Dobbiamo riflettere sul come configurare oggi “la classe” e come è cambiato il “capitalismo”, per non incorrere nel rischio di essere considerati e di essere di fatto dei nostalgici dei bei tempi andati.
Forse nel secondo millennio sarà più difficile riempire le sedi di partito o le Feste di Liberazione, ma – come abbiamo già sperimentato – non è così per le piazze o per le sedi di dibattito in cui si discute veramente di politica.
La “massa” è forse più fluida di ieri, ma non è scomparsa. Una parte sempre più ampia di essa parla prevalentemente col computer e non partecipa alle riunioni del comitato politico federale, ma non per questo non si interessa di politica. E’ anzi una “massa” più colta (anche grazie al lavoro fatto per tanti anni da noi comunisti), più dinamica, che interagisce e vuole partecipare al processo di costruzione delle idee.
Il partito deve allora saper comprendere tutto questo ed organizzarlo, perché abbia forza questa massa, perché “conti”. Organizzazione non è né deve essere burocrazia, è coordinamento, è diversità di contributi ed azione di tutti i giorni, ma deve essere anche pensiero, riflessione comune, perché il partito di massa deve vivere del lavoro e delle idee di tutti.

Bianca Bracci Torsi
Vorrei aggiungere solo poche cose relative soprattutto ai circoli, queste strutture di base del nostro partito nelle quali emergono, insieme a ritardi, chiusure, inadeguatezze, i germi di un nuovo partito di massa.
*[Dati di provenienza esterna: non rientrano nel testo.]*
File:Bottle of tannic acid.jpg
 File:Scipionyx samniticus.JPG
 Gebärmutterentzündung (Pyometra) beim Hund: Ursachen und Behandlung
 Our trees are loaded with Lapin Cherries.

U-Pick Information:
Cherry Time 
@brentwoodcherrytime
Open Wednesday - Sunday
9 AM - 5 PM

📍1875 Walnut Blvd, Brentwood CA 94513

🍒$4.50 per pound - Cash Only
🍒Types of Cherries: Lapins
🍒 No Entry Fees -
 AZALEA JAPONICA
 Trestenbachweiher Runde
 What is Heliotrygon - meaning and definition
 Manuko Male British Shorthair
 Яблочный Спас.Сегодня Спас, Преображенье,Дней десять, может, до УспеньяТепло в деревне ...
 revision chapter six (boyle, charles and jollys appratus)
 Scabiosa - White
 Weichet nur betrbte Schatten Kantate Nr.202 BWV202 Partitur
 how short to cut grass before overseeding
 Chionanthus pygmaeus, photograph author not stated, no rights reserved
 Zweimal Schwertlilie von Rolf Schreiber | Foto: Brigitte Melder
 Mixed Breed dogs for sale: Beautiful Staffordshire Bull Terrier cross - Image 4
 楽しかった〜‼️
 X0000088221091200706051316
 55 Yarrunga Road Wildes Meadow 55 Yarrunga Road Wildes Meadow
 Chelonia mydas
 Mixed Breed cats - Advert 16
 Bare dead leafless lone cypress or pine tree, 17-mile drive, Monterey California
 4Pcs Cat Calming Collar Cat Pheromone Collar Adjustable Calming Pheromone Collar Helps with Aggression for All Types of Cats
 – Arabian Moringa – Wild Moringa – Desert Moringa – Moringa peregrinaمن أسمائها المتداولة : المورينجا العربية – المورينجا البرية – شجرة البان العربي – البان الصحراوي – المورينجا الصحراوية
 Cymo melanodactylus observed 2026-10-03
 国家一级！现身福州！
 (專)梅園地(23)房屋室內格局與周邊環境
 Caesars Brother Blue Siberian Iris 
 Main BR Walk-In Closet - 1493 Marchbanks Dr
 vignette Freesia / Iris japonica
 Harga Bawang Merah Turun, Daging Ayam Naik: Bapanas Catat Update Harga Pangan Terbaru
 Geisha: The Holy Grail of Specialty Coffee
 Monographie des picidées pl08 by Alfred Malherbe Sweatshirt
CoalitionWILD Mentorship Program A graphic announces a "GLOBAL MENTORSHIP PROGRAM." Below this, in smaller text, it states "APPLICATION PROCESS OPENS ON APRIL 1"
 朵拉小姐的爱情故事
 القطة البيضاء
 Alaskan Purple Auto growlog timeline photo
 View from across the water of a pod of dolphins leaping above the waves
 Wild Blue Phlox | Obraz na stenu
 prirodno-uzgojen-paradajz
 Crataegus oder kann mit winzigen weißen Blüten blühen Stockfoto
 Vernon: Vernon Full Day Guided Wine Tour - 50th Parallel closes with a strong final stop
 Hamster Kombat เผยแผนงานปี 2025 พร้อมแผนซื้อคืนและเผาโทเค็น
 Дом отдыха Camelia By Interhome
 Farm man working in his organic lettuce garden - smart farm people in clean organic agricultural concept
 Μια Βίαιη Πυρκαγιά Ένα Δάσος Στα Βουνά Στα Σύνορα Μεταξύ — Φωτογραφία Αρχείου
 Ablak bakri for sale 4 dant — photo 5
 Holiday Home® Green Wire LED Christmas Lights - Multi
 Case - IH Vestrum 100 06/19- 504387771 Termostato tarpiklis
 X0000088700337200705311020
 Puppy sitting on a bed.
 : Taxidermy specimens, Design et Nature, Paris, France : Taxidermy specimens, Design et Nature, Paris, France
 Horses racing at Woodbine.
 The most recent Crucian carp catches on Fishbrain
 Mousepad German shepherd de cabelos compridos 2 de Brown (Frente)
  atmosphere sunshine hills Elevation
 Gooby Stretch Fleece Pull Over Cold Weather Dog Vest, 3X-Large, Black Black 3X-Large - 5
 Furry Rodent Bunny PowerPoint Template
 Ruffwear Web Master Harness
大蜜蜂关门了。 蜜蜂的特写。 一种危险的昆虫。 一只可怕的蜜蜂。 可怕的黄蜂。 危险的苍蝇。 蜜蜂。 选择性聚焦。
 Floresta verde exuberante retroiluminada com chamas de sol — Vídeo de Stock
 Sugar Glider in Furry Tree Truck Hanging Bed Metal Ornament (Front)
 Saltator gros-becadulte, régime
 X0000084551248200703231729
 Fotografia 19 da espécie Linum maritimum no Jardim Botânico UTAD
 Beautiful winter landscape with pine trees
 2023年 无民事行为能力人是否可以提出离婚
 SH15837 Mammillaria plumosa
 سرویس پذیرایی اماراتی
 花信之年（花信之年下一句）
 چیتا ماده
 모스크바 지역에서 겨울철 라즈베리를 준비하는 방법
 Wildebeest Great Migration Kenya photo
Riuscire a generalizzare, allargare, sviluppare tante esperienze positive è il compito principale che ci dobbiamo porre oggi, un compito reso più difficile dalla carenza di uomini e mezzi, da una fase politica confusa e pericolosa ed anche dal permanere di diffidenze reciproche fra militanti provenienti da culture diversi fra le quali non si è ancora del tutto stabilito quel senso di comune appartenenza senza il quale le diversità non possono diventare ricchezza.
Sono d’accordo con Guido sulla necessità di studiare e sperimentare un nuovo modello di partito di massa in grado di affrontare i mutamenti della classe operaia e la natura della crisi in atto.
Oltretutto l’esperienza ci ha insegnati che le crisi del capitalismo, anche epocali, non portano di per sé ad esiti rivoluzionari, ma è necessario l’intervento attivo di una forza comunista organizzata e radicata. Un partito comunista di massa appunto, in grado di diventare riferimento dei lavoratori e delle masse oggettivamente antagoniste al capitalismo. Sono ragionevolmente ottimista a questo riguardo: il nostro partito ha le potenzialità e le possibilità di diventarlo.